The concept of this light is great, everytime the energy is depleted you only need to stop for a quick pitstop to recharge, no need to change batteries. Depending on your utility, this set up is actually quite useful.


----------



## coolperl (Aug 26, 2009)

If anyone is interested in this light, here is a very good scientific review (some physics involved):

http://dansdata.blogsome.com/2009/01/13/ultracapacitors-versus-batteries-no-holds-barred/


----------



## steamfish (Sep 11, 2009)

BrightGuy.com has 'em as a new item for $160.

http://www.brightguy.com/products/5.11_Light_for_Life_UC3.400.php#


----------



## Hawk600 (Sep 11, 2009)

And for the ones asking previously, the specs says "made in China"....


----------



## mpkav (Sep 12, 2009)

I am a LEO and will not even consider this light. 270 Lumens is nice but for 15 minutes? Maybe 30? NO WAY. I have a million other things going on while working, putting my light back on the charger EVERY time I get in the car is not practical. For the price I could buy countless lights and AW rechargeables. Olight M30, 700 lumens with 2.5 hours runtime on high with AW's. On a 2 hour K9 track for armed suspects the last thing I can afford is my light going dead. With the 5.11 I guess i could count on it going dead. I have used 5.11 products for about 6 years now and think their quality is really getting bad. I refuse to wear their boots anymore but still do wear the TDU uniform. Just my sheltered 2 cents but I think for the money there are by far better choices out there.


----------



## sandmanusd (Sep 25, 2009)

mpkav said:


> I am a LEO and will not even consider this light. 270 Lumens is nice but for 15 minutes? Maybe 30? NO WAY. I have a million other things going on while working, putting my light back on the charger EVERY time I get in the car is not practical. For the price I could buy countless lights and AW rechargeables. Olight M30, 700 lumens with 2.5 hours runtime on high with AW's. On a 2 hour K9 track for armed suspects the last thing I can afford is my light going dead. With the 5.11 I guess i could count on it going dead. I have used 5.11 products for about 6 years now and think their quality is really getting bad. I refuse to wear their boots anymore but still do wear the TDU uniform. Just my sheltered 2 cents but I think for the money there are by far better choices out there.


 

270 for 15 maybe, but 90 for 60... thats more likely then not what you would be using in most situations.

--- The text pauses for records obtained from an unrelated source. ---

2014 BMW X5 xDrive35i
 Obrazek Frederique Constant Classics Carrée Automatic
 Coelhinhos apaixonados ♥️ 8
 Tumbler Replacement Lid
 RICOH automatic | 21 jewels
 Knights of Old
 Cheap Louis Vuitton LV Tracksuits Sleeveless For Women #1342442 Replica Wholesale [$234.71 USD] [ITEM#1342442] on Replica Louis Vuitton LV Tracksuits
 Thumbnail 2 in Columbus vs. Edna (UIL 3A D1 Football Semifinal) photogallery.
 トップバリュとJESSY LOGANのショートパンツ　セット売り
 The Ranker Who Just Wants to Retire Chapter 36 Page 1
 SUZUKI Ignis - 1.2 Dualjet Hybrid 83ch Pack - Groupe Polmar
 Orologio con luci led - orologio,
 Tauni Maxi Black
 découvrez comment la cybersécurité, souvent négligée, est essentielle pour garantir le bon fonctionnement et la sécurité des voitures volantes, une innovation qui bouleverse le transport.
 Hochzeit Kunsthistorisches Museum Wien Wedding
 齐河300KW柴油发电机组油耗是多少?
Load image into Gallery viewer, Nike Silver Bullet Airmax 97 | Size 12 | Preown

Obviously every LEO is different in what they do and how they do it every day.. I am seriously considering getting this becase more then 1 time (ok more then 20 probably) I found myself pulling my flashlight out and it just fading and dying, I always have a little backup one but never as good or as powerfull as my primary... 

Working midnights you use your flashlight alot, but 270 would be TOO bright for most situations, IE searching a car, checking an address to see where you are, in a field contact with someone writing their name down, normal search of a room for contraband etc.... if you are going to be shining it on things close to your eyes, 270 would be TOO bright and you would end up ruining yoru night vision (very bad for a cop) so 90 would be most of the time usage...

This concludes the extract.